A search result, in HTML, from Google is broken up into several parts but all I'm interested in is the description of the webpage it finds. I don't want the title, and I'm not interested in the repeat of the search term that's bolded. In short, the results I want look like:
<font size=-1><b>a title, usually the search term again</b> THE CONTENT I WANT GOES HERE <br>
And here's the current pattern I'm trying: @"<font\s*size=\-1><b>[\w\d\s]+<\/b>\ *(.*[^\s])\s*<br>"
No matter what pattern I've tried (and I think at this point I've tried hundreds) I can't seem to pull out the "CONTENT I WANT." So I'm asking for help.
My current code for this method and a few of the last previous patterns can be found here: http://pastebin.ca/874155
If you'd like to see an image of what I mean: http://img401.imageshack.us/img401/3479/regexxd8.jpg
(the 1 and 0 in the console area represent how many matches it found and which result it pulled to show in array notation. since there's only 1 match it only pulls the first)
Explanation as to WHY I'm doing this and why I want only the website desc
I'm making a chatting bot that works on IRC. Right now I've actually got it set up so that it can read AIML files. That's a bit too bland and repetitive, however, so in an attempt to spice it up I added the ability for it to repeat back what someone else had said prior (it sits in the channel, watches people and records what people says to use again later). This, however, again, is rather bland and sometimes it repeats back what someone had said just seconds prior.
In an attempt to bring a new concept to the bot, I decided I wanted it to search google and respond via the search results. The basic idea is that search results will change through time, so hopefully the bot won't repeat things that often.

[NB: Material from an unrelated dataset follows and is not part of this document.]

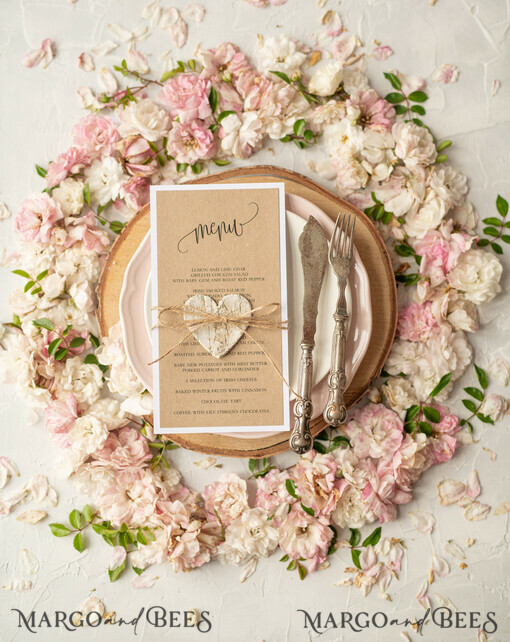 MENU & PROGRAMS rustikal Rustikales Hochzeitsmenü mit Schnur, Hochzeitsdinner-Menü im Scheunenstil, ökologisch romantische personalisierte Karten mit Holzherz, Kraft-Hochzeitsmenü, einfaches rustikales Jute-Hochzeitsmenü, elegante Hochzeitsmenükarten.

As a fallback, if it can't find any of the results of what someone is saying to the bot it'll just pull out something that someone had said previous just as it has always done.
In any case, knowing how to pull out the result may help me in another project down the road.
I really appreciate any help that can be brought to this. I'm about ready to pull my hair out over regular expressions.
I wrote a very quick program to test patterns without having to edit the source and recompiling. This should help speed up testing. This is to the source with the exe in the \debug\ folder. If anyone out there can help me write the pattern this should help speed things up with testing it.
Thanks to that quick program I know WHY the pattern isn't working. It's apparently not stopping at the first <br> and counting each thing as a separate match. Instead it's stopping at the final <br> in the HTML page. I can test this further by including the <span class=a> and it'll stop at the final instance of the <br><span class=a> within the HTML.
So now the real question is: what do I have to add to the pattern in order to make it stop at the <br> I need it to?